▶ **DATA FOR THIS TASK**
= = = = = = =
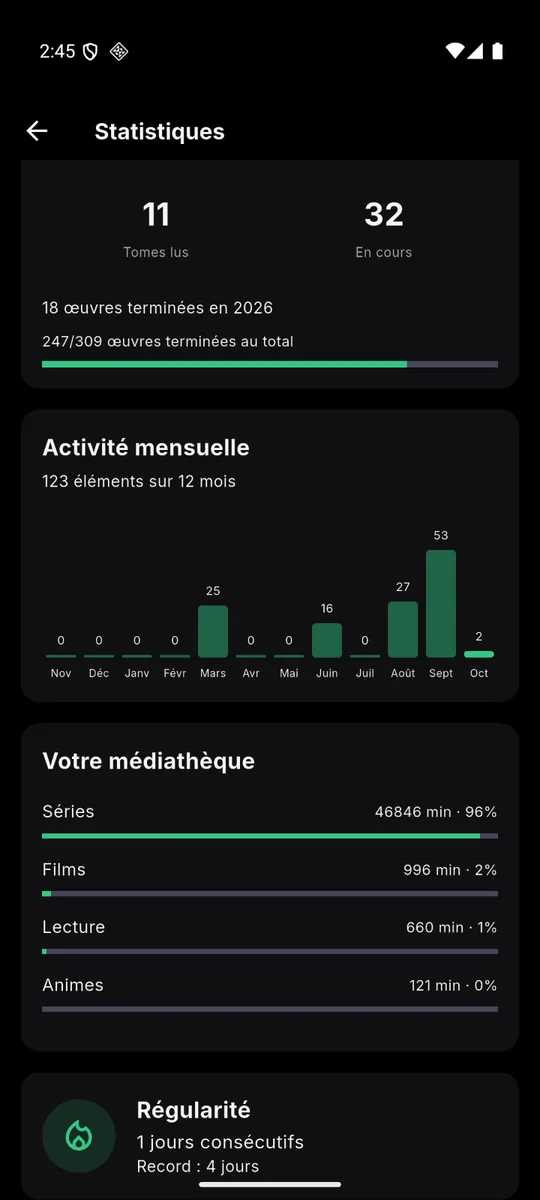 Statistiques de la bibliothèque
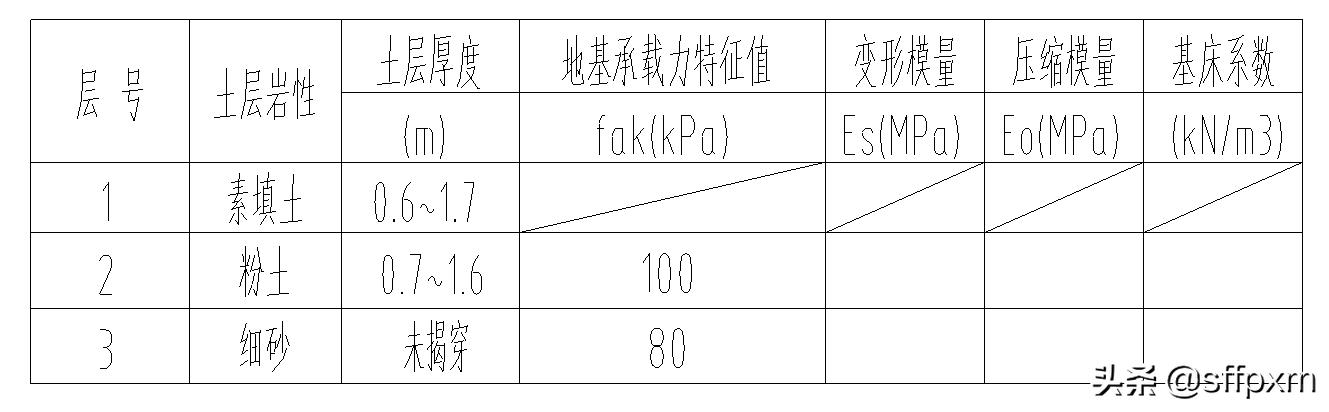 消防泵房水池深基坑监理实施细则,消防水池与消防泵房管道怎么连接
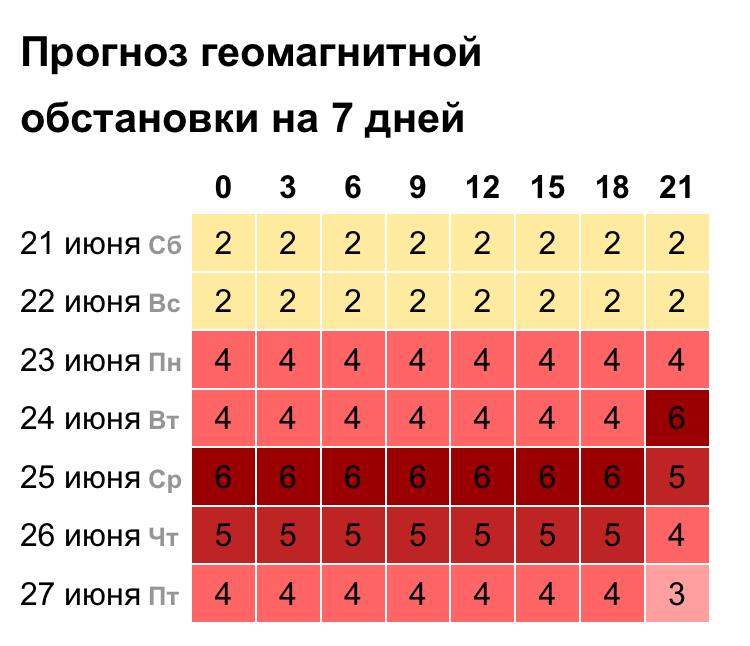 Сильная магнитная буря ожидается с понедельника до конца июня.   Пик активности, 5–6 баллов, придется на среду и четверг. Метеозависимым стоит готовиться к головным болям и усталости.  Наш второй канал РУПОСТ 18+   Подписывайтесь.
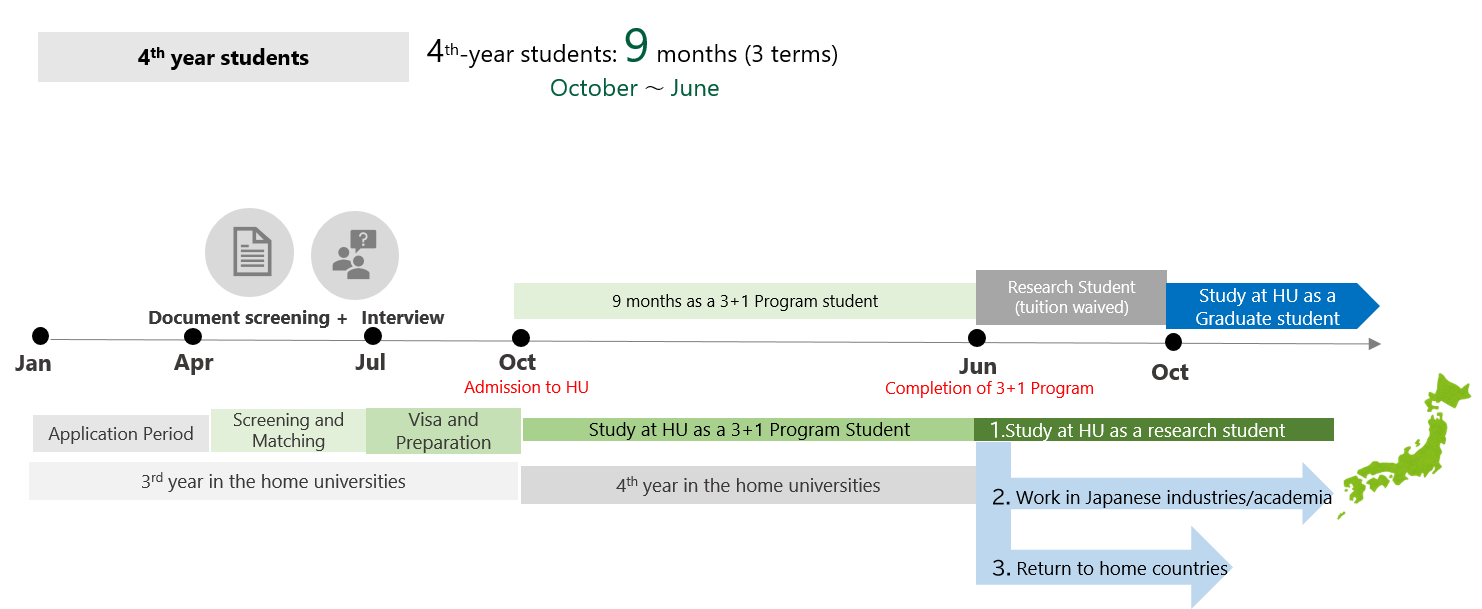 Program Duration（4th-year students：9 months）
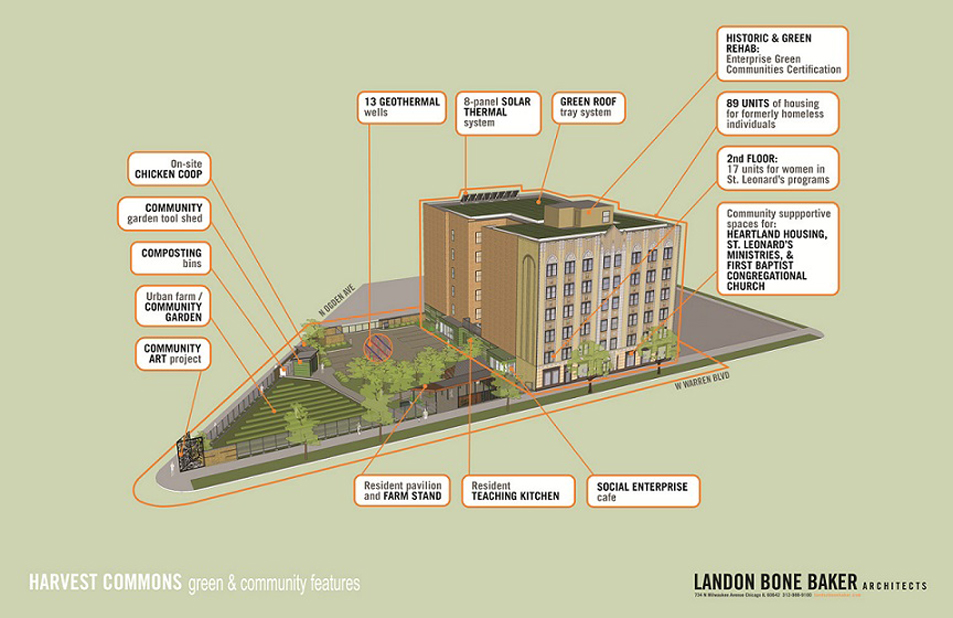A three-dimensional schematic diagram detailing the green features and program elements at Harvest Commons. Call-out boxes identify the green roof, solar panels, and space for support services in the building and the geothermal wells and urban farm on the site.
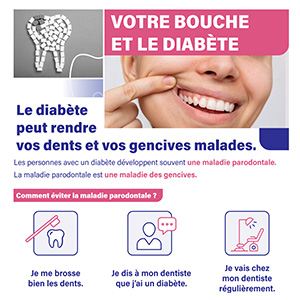 Affiche « Votre bouche et le diabète »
= = = = = = =
▶ **ASSIGNED TASK**
Your copy must consist solely of the lines from the one containing "消防泵房水池深基坑监理实施细则,消防水池与消防泵房管道怎么连接" through the final line of the material above, transcribed exactly, with the pictures left out.

▶ **RESPONSE TO THE TASK**
 消防泵房水池深基坑监理实施细则,消防水池与消防泵房管道怎么连接
 Сильная магнитная буря ожидается с понедельника до конца июня.   Пик активности, 5–6 баллов, придется на среду и четверг. Метеозависимым стоит готовиться к головным болям и усталости.  Наш второй канал РУПОСТ 18+   Подписывайтесь.
 Program Duration（4th-year students：9 months）
A three-dimensional schematic diagram detailing the green features and program elements at Harvest Commons. Call-out boxes identify the green roof, solar panels, and space for support services in the building and the geothermal wells and urban farm on the site.
 Affiche « Votre bouche et le diabète »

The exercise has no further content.